From Casetext: Smarter Legal Research

Culotta v. Corp Crawford

United States District Court, Eastern District of Tennessee
Jun 30, 2023
1:23-cv-142 (E.D. Tenn. Jun. 30, 2023)

Opinion

1:23-cv-142

06-30-2023

JEREMIAH CULOTTA, Plaintiff, v. CORP CRAWFORD, CO KEENE, CO BOWSER, CO NORTON, and SULLIVAN COUNTY, Defendants.


Susan K. Lee, Magistrate Judge

MEMORANDUM AND ORDER

TRAVIS R. MCDONOUGH, UNITED STATES DISTRICT JUDGE

Plaintiff, a pretrial detainee housed at the Sullivan County Jail, has filed a pro se civil rights action under 42 U.S.C. 1983 (Doc. 1), along with a motion for leave to proceed in forma pauperis (Doc. 4). The Court will address Plaintiff's motion prior to screening his complaint in accordance with the Prison Litigation Reform Act (“PLRA”) to determine whether it states a justiciable claim. 28 U.S.C. § 1915A.
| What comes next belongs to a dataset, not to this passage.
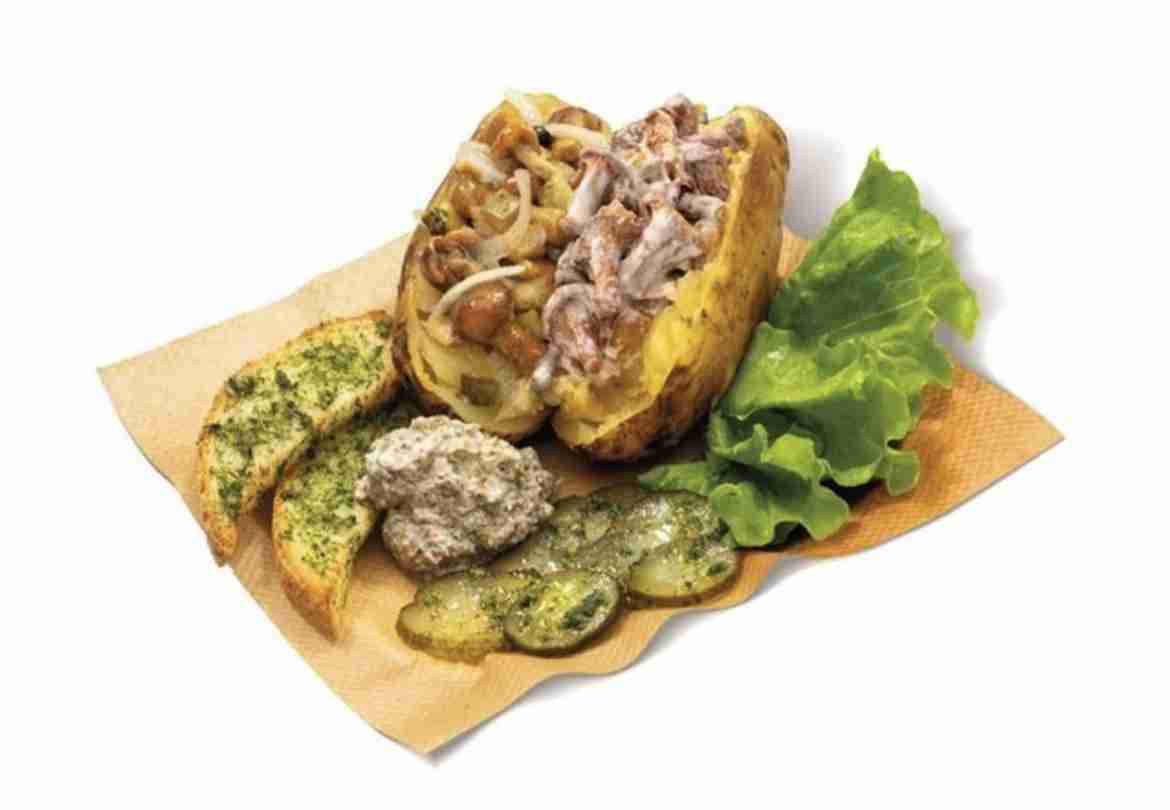 ロシアに旅行したことのある人〜！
Plaintiff does not disclose his custodial status, but the Court notes he is not listed as an inmate in the publicly available database of the Tennessee Department of Correction. Tenn. Dep't of Corr., “Felony Offender Information,” https://foil.app.tn.gov/foil/search.jsp (last accessed June 28, 2023). Accordingly, the Court assumes for present purposes that he was a pretrial detainee at the time of the incidents alleged in his complaint.

I. MOTION TO PROCEED IN FORMA PAUPERIS

It appears from Plaintiff's motion (Doc. 4) that he lacks sufficient financial resources to pay the filing fee. Accordingly, pursuant to 28 U.S.C. § 1915, this motion will be GRANTED.
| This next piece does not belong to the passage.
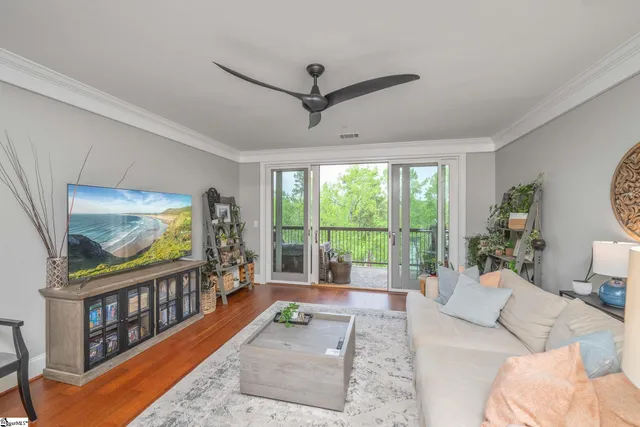 $419,000 | 408 Watermarke Lane, Anderson, SC 29625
Plaintiff will be ASSESSED the civil filing fee of $350.00. The custodian of Plaintiff's inmate trust account will be DIRECTED to submit to the Clerk, U.S. District Court, 900 Georgia Avenue, Suite 309, Chattanooga, Tennessee 37402 twenty percent (20%) of Plaintiff's preceding monthly income (or income credited to Plaintiff's trust account for the preceding month), but only when such monthly income exceeds ten dollars ($10.00), until the full filing fee of three hundred fifty dollars ($350.00) as authorized under 28 U.S.C. § 1914(a) has been paid to the Clerk. 28 U.S.C. § 1915(b)(2).

To ensure compliance with this fee-collection procedure, the Clerk will be DIRECTED to mail a copy of this Memorandum and Order to the custodian of inmate accounts at the institution where Plaintiff is now confined. The Clerk will also be DIRECTED to furnish a copy of this Order to the Court's financial deputy. This Order shall be placed in Plaintiff's prison file and follow him if he is transferred to another correctional institution.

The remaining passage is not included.